Accuracy is much better after calibration. White balance and gamma are nearly perfect, and the remaining color inaccuracies aren't visible to the naked eye. The color temperature is closer to our 6500K target, but it's still on the cold side.
You can see our recommended settings here.
The LG UP8000 upscales 720p content like from cable TV with no visible artifacts.
1080p content, like from Blu-rays, is upscaled well and looks nearly as good as native 4k.
The LG UP8000 can't display a wide color gamut for HDR. It has good coverage of the DCI P3 color space used in most HDR content, but its coverage of the wider Rec. 2020 is very limited.

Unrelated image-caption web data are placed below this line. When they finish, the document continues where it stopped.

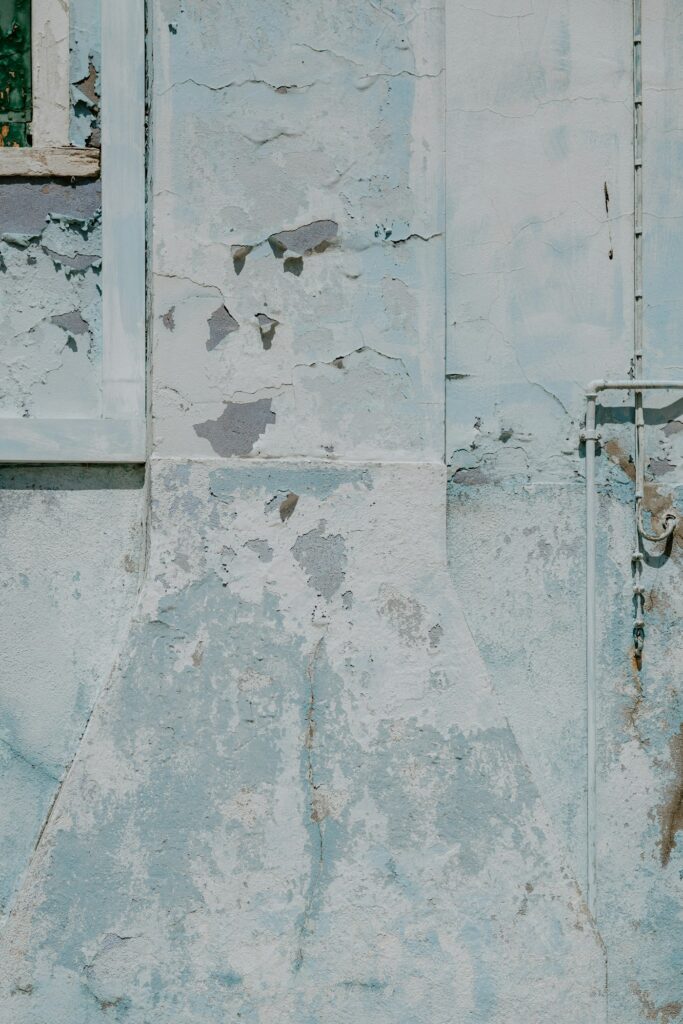 Weathered cracked plaster wall before protective coating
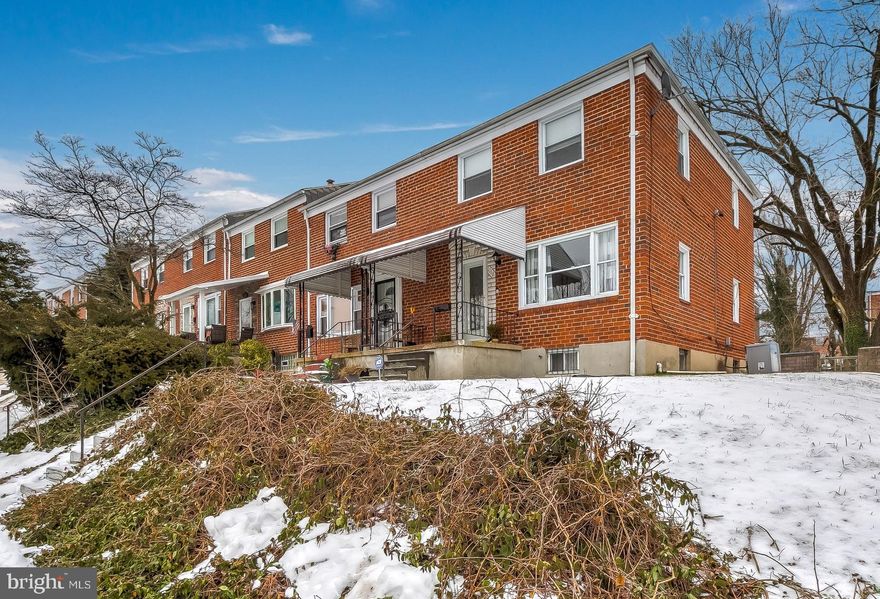 ** HIGHEST & BEST OFFERS ARE DUE BY 5PM ON MONDAY, 2/22**  Impeccably maintained and updated large end unit home with spacious rear and side yard- a perfect place to enjoy the warmer days ahead and there is a large, mature tree out back that provides shade and natural beauty. The front porch welcomes you into the main level of this home with wood floors and an open floor plan with a large, light & bright living room that leads to the separate dining room and the beautifully updated, well designed and open kitchen with granite countertops, tile backsplash, stainless steel appliances, and a large island. Upstairs are three bedrooms and an updated full bathroom with built-in shelving in the large hallway- a smart use of the space. The lower level has a convenient half bathroom, laundry room, ample storage space, and a large finished room/flex space that is perfect for a variety of needs such as an extra bedroom, family room, den, at home office or education space, studio, hobby room, etc., the possibilities are endless! This lovely home sits on a quiet, tree-lined  street in a fantastic location that is convenient to shopping, restaurants, parks, and an easy commute to both Baltimore City and County.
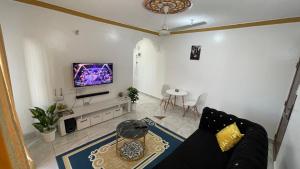 a living room with a couch and a tv on a wall at DRE'S WORLD STAYs in Mombasa +3 photos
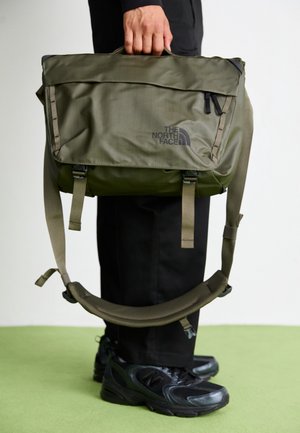 Personne en pantalon et chaussures noirs tenant un sac messager The North Face vert olive par sa poignée sur un fond uni.
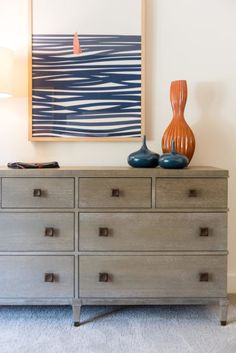 a dresser with two vases on top of it in front of a painting and lamp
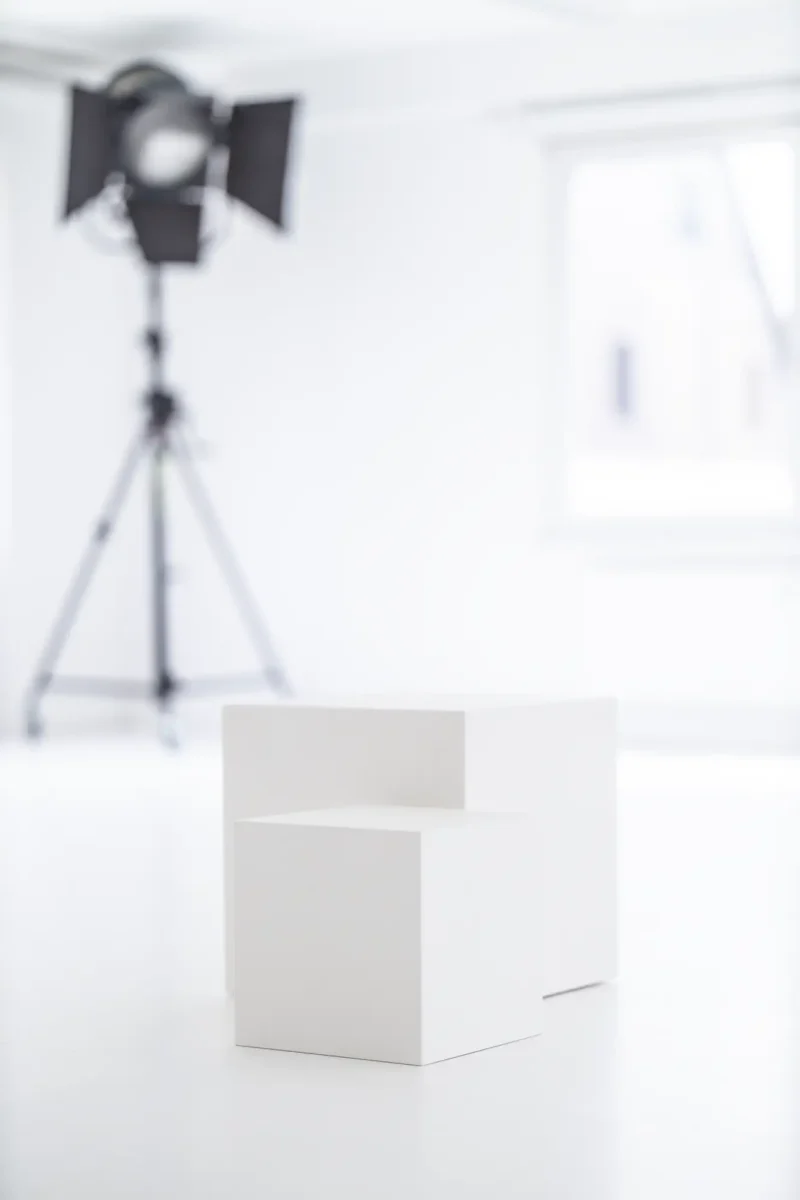 Tageslichtstudio mit zwei weißen Quadern als Sitz- oder Präsentationsobjekte vor weißen Wänden und großem Fenster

The LG UP80 has a poor color volume due to its limited color gamut, poor contrast, and low HDR brightness.
The LG UP8000 has excellent gradient handling. There's only a little bit of banding in the grays and greens. Setting Smooth Gradation to 'Medium' or 'High' smoothes out most of it, but it may cause the loss of fine details in some scenes.
There's no image retention on this TV; however, this may vary between units.
Although some IPS panels can suffer from temporary image retention, this doesn't appear to be permanent as the IPS panel in our long-term test is immune.
The LG UP80 has good response times overall, but it's quite slow in some transitions, causing motion to appear blurry in dark scenes. There's also some inverse ghosting due to overshoot, and the backlight's 120Hz flicker causes some image duplication.
The LG UP8000 uses Pulse-Width Modulation (PWM) to dim the backlight. It flickers at 120Hz at all brightness levels. This can cause motion duplication and may be bothersome to some people.
There's no optional Black Frame Insertion feature. The backlight always flickers at 120Hz.
The LG UP8000 can interpolate low frame rate content up to 60Hz to make motion look more fluid, also known as the 'Soap Opera Effect'. To use it, go to the Clarity settings, then set TruMotion to 'User Selection' and De-judder to max. It works fine in slow scenes, but as soon as the action gets intense, there are a lot of artifacts, including some tearing and stuttering.
The LG UP8000's relatively fast response times can cause low frame rate content to stutter a bit. If it bothers you, enabling motion interpolation may help.
Like the LG UN8500, this TV can remove judder from all sources, rare for a 60Hz TV. To remove judder, enable Cinema Screen.